• _MATERIAL SHOWN_
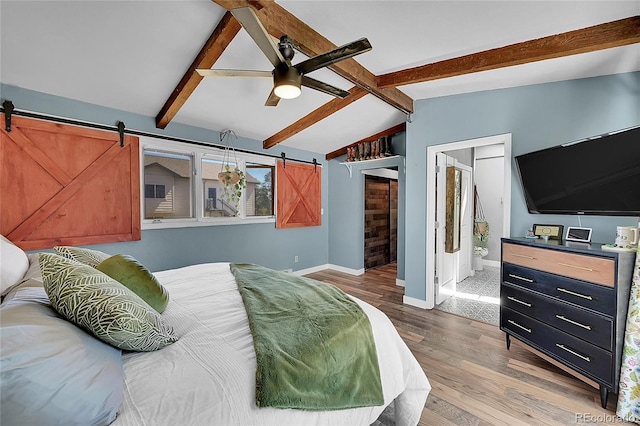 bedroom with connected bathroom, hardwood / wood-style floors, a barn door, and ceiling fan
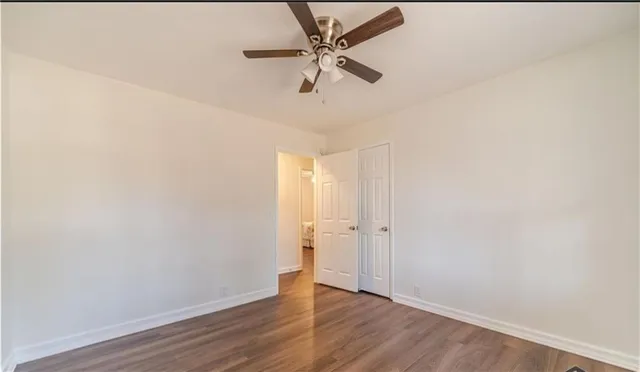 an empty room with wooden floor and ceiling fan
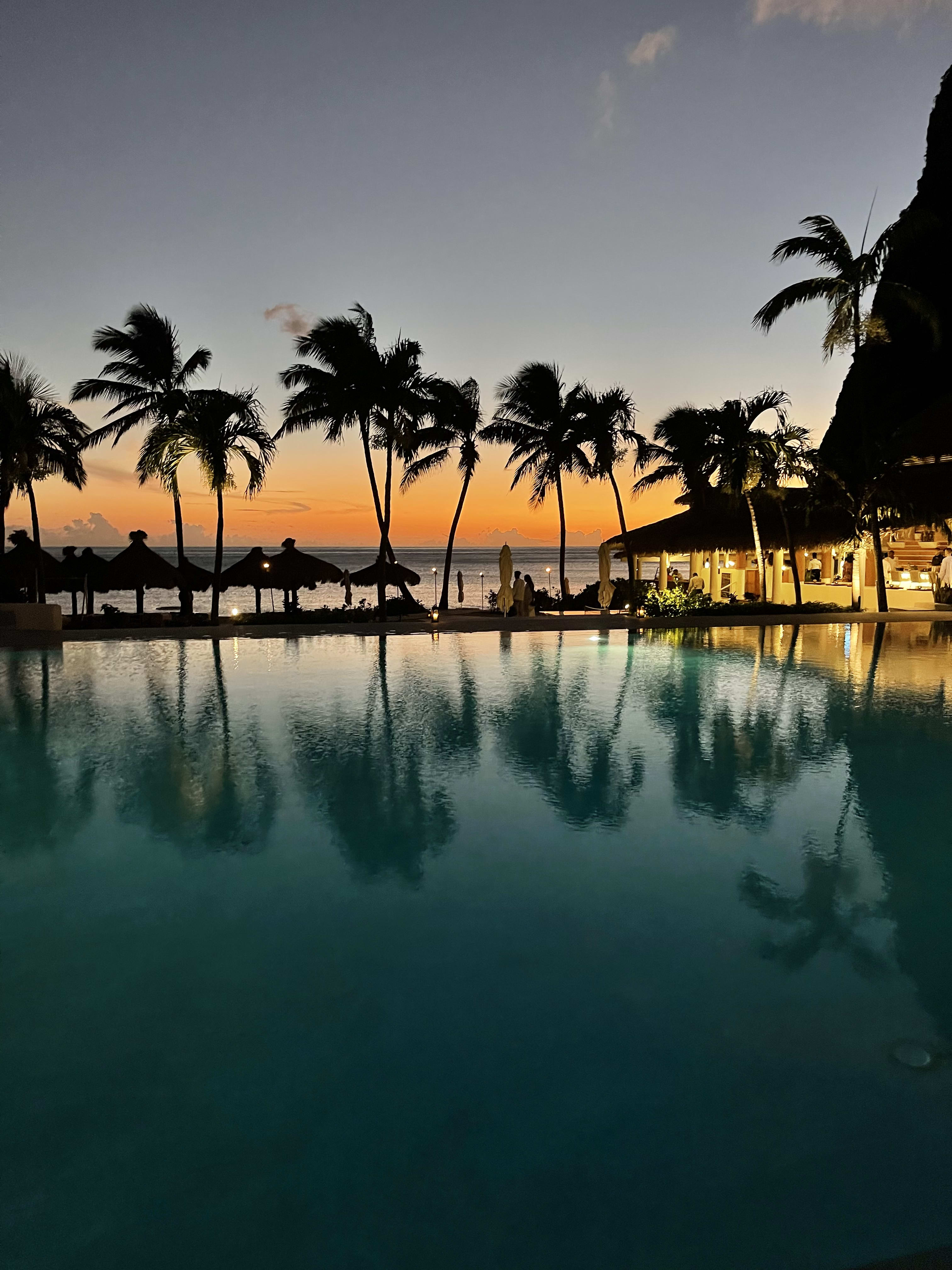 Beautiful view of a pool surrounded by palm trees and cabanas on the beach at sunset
...
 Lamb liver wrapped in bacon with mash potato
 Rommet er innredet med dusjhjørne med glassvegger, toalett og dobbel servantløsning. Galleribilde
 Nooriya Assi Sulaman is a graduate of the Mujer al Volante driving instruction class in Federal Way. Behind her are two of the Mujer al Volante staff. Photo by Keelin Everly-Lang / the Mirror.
...
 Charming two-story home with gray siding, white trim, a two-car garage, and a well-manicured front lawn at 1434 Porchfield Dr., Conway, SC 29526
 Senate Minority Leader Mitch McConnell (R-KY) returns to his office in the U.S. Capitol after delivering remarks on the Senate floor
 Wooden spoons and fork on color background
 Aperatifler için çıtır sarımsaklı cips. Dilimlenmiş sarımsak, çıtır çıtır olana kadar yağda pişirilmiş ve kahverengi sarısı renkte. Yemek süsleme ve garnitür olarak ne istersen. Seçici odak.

• _TASK PROMPT_
Copy the lines above between the one holding "bedroom with connected" and the one holding "Beautiful view of", inclusive. Drop the pictures.

• _TASK ANSWER_
 bedroom with connected bathroom, hardwood / wood-style floors, a barn door, and ceiling fan
 an empty room with wooden floor and ceiling fan
 Beautiful view of a pool surrounded by palm trees and cabanas on the beach at sunset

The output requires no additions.